Step 1: Set up the hypotheses and check conditions.
One Mean t-test Hypotheses
Left-Tailed
\(H_0\colon \mu=\mu_0\)
\(H_a\colon \mu<\mu_0\)
Right-Tailed
\(H_0\colon \mu=\mu_0\)
\(H_a\colon \mu>\mu_0\)
Two-Tailed
\(H_0: \mu=\mu_0\)
\(H_a: \mu\ne \mu_0\)
Conditions: The data comes from an approximately normal distribution, or the sample size is at least 30.
Step 2: Decide on the level of significance \(\boldsymbol{(\alpha)}\).
Typically, 5%. If \(\alpha\) is not specified, use 5%.
Step 3: Calculate the test statistic.
One Mean t-test: \[t^*=\dfrac{\bar{x}-\mu_0}{\frac{s}{\sqrt{n}}}\]
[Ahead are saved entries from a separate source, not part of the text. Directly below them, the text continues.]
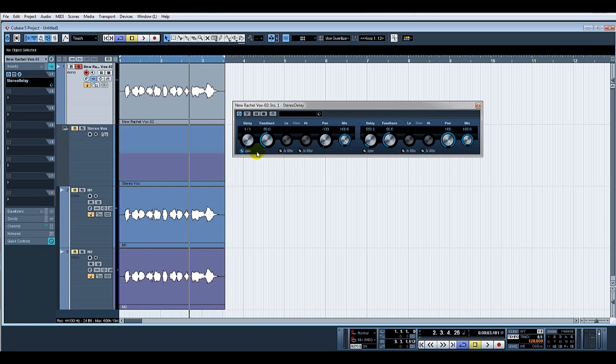And we'll turn the sync off, turn that one down to none, and we shall put the delay same as we did on the stereo one to 20 on that one.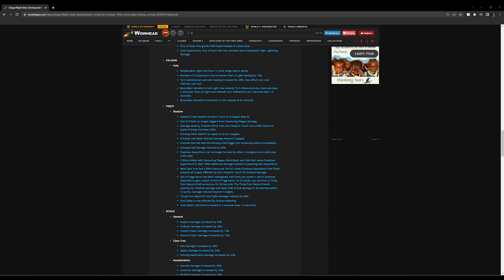Damage dealt by Shadow Word: Pain and Vampiric Touch has a 30% chance to apply Echo and Void, up from 20%. You'll see why they've done this in a minute. They wanted it to stack higher because they've nerfed it by 60%, which is a significant nerf, but it was top of your damage on any form of cleave content. And they've actually now fixed it from disappearing. In the past, if an enemy died with Echo and Void, you'd waste the stacks as long as it exploded. You were fine, but if it died before the stacks got to explode, they were wasted stacks. So now they've changed it so the enemies that die with Echo and Void trigger the remaining stacks immediately.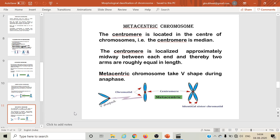Metacentric chromosomes are chromosomes in which the centromere is located in the center of the chromosome — that is, the centromere is median in position. The centromere is localized approximately midway between each end and thereby the two arms are roughly equal.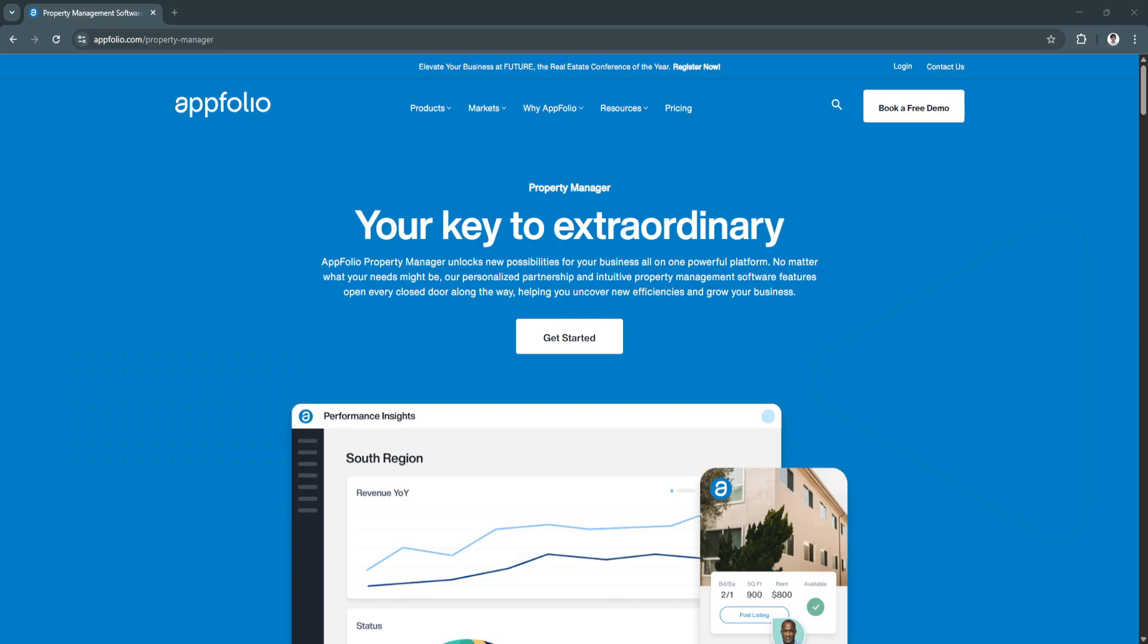So in this video, we'll walk through the key features and benefits of AppFolio, explore why it's such a powerful choice in 2025, and show how it can transform your property management workflow into something much more organized and stress-free.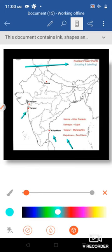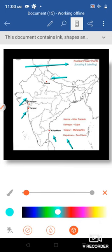Tharapur is in Maharashtra. Then above that, Kakrapara. Kakrapara is in Gujarat. Next one, Narora. Narora is in Uttar Pradesh. Practice this map once or twice, then you will get a clear idea.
The first few steps (Step 1 - Step 3) are exactly the same as the rejection region or p-value approach. The next part will discuss steps 4 - 6 for both approaches.
Rejection Region Approach
Steps 4-6
Step 4: Find the appropriate critical values for the tests. Write down clearly the rejection region for the problem.
Reject \(H_0\) if \(t^* \le z_\alpha\)
Reject \(H_0\) if \(t^* \ge t_{1-\alpha}\)
Reject \(H_0\) if \(|t^*| \ge |t_{\alpha/2}|\)
Step 5: Make a decision about the null hypothesis.
Check to see if the value of the test statistic falls in the rejection region. If it does, then reject \(H_0\) (and conclude \(H_a\)). If it does not fall in the rejection region, do not reject \(H_0\).
Step 6: State an overall conclusion.
P-Value Approach
Steps 4-6
Step 4: Compute the appropriate p-value based on our alternative hypothesis.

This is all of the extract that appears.